The fish species are not just popular in Andhra Pradesh. In fact, Tenualosa Ilisa or Hilsa is known as Ilish in Bengal and is the national fish of Bangladesh. During the monsoons, the Bengali speaking population in that part of the country literally goes crazy over the dish, preparing umpteen number of variations using different recipes. Festivals of Hilsa preparation is organized in Bengali restaurants all over the world. Also, the entire coastal belt from Burma to Sindh in Pakistan fancy this fish and have their own recipes for the same. However, it is widely acknowledged that the Pulasa caught from specific areas of Godavari during the season is one of the tastiest variants of the fish. 

                                                           Pulasa Pulusu                           Pic Courtesy: Kiran Bonthu

The most popular recipe for Pulasa fish in Andhra Pradesh is Pulasa Pulusu, spicy gravy with okra, tamarind, and green chillies. Proper procurement of the fish is very important, as a good quality fish can hugely enhance the taste. The sautéed masala is prepared from onions, garlic pods, ginger and curry leaves, with ample chilli powder added to spice up the taste, while tamarind paste provides the tanginess. Okra and green chillies are then added to the masala followed by pieces of the fish.  A lot of added water makes it into a gravy, which is slow-cooked over some time. Often, most of the fish literally melts into the gravy. Garnishing is done with coriander leaves, and select masalas. It is said that the pulusu tastes even better if eaten a day later. Jaggery and mango pickle oil are sometimes added as variations to the recipe, and even drumsticks used instead of okra.

In Hyderabad, Pulasa Pulusu is hardly available in restaurants. A popular place for the dish is Sri Balaji Caterers at Madhapur, who are selling the preparation in Hyderabad for the last five years during the season. Ramaraju, who runs this catering service is an expert in the authentic preparation of this dish, which is available on prior orders only. 
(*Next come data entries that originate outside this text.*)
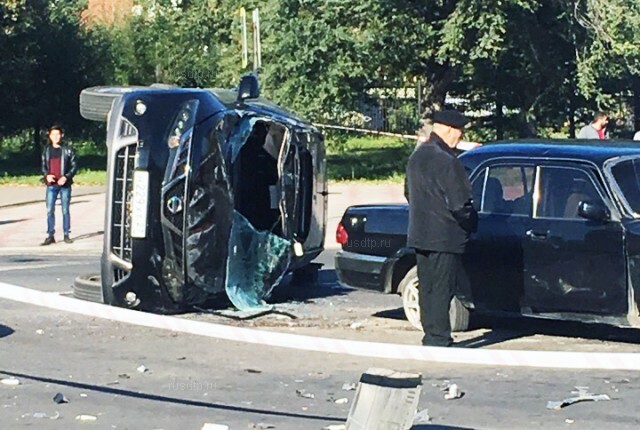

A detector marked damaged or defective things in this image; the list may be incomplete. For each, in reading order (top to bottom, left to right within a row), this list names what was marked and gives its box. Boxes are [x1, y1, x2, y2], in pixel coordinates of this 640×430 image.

overturned suv [80, 76, 328, 312]
shattered windshield [608, 157, 640, 215]
torn metal panel [225, 211, 292, 310]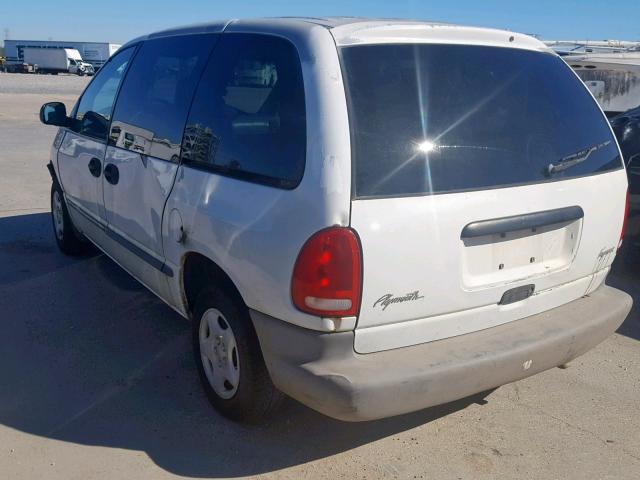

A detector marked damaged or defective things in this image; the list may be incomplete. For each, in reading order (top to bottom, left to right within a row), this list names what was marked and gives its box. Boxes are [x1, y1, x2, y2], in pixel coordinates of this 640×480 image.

dent on side panel [164, 25, 356, 330]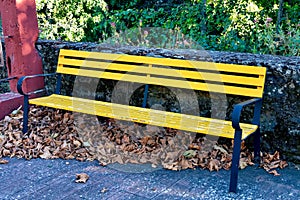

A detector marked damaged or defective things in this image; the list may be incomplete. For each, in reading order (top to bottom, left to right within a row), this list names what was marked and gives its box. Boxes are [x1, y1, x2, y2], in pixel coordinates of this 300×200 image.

red rusty pole [0, 0, 43, 119]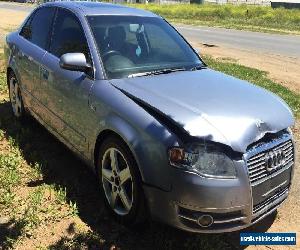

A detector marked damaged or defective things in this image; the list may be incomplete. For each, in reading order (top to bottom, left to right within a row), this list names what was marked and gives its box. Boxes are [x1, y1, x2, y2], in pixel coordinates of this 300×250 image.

crumpled hood [109, 68, 294, 152]
broken headlight lens [169, 144, 237, 179]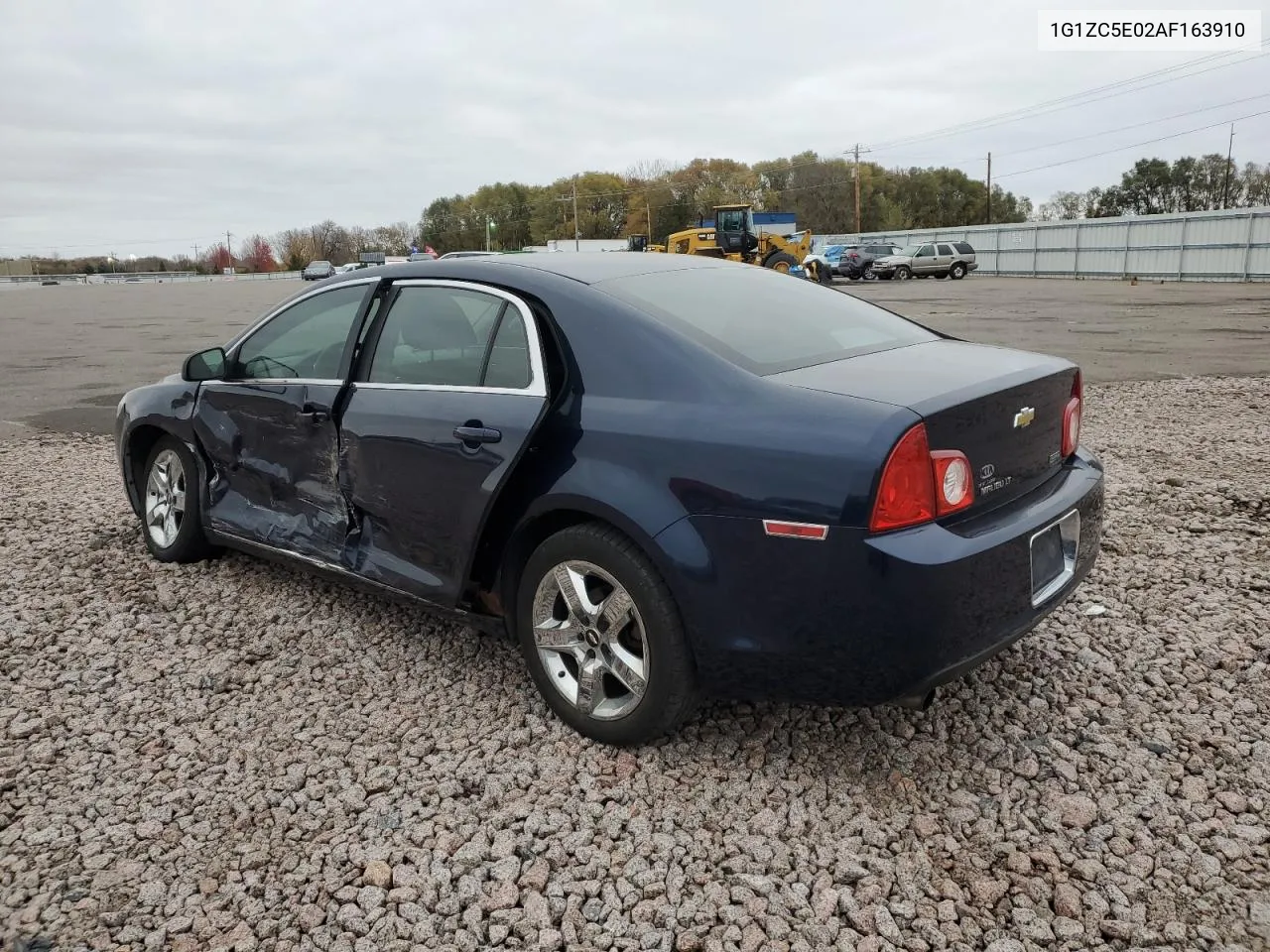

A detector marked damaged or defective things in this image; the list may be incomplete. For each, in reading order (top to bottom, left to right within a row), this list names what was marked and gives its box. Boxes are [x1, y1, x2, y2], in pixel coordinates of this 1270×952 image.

dented side panel [190, 381, 347, 558]
damaged rear door [190, 279, 373, 563]
damaged front door [190, 286, 373, 565]
dented side panel [337, 386, 546, 604]
damaged rear door [340, 282, 548, 604]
Pulasa tastes good even when fried in its own fat

Ulavacharu, the well-known Telugu restaurant sometimes serves it only during the season based on availability. As per Vinay Narahari, the owner of the restaurant, the dish has a lot of demand among their loyal customers. They source the original Pulasa fish directly from West Godavari district. 
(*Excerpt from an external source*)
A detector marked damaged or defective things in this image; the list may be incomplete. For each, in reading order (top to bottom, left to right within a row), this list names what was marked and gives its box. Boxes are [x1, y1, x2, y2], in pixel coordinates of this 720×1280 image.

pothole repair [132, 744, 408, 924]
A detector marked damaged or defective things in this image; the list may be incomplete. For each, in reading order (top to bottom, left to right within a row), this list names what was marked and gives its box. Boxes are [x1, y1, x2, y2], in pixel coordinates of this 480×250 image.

Note: This is an updated version of the article originally published in New Indian Express Hyderabad on 11th August 2018. 


2 comments:

  1. Bangladesh Hilsa is best tasting Hilsa in the world. That's because of the massive convergence of Rivers into sea. The Bigger Ganga (padma in BD) and Brahmaputra go into Bangladesh and merge and eventually goes to sea. The rivers at places are 10-15 km wide. Such geographical conditions are not possible are not possible in India (Kolkata ganga, godavari, narmada etc.)
    Hence rather than being biased we have to conclude that Bangladesh Hilsa is best and even biggest in the world. Btw I am from India, Delhi and here we get all varieties hence I have written the comparison.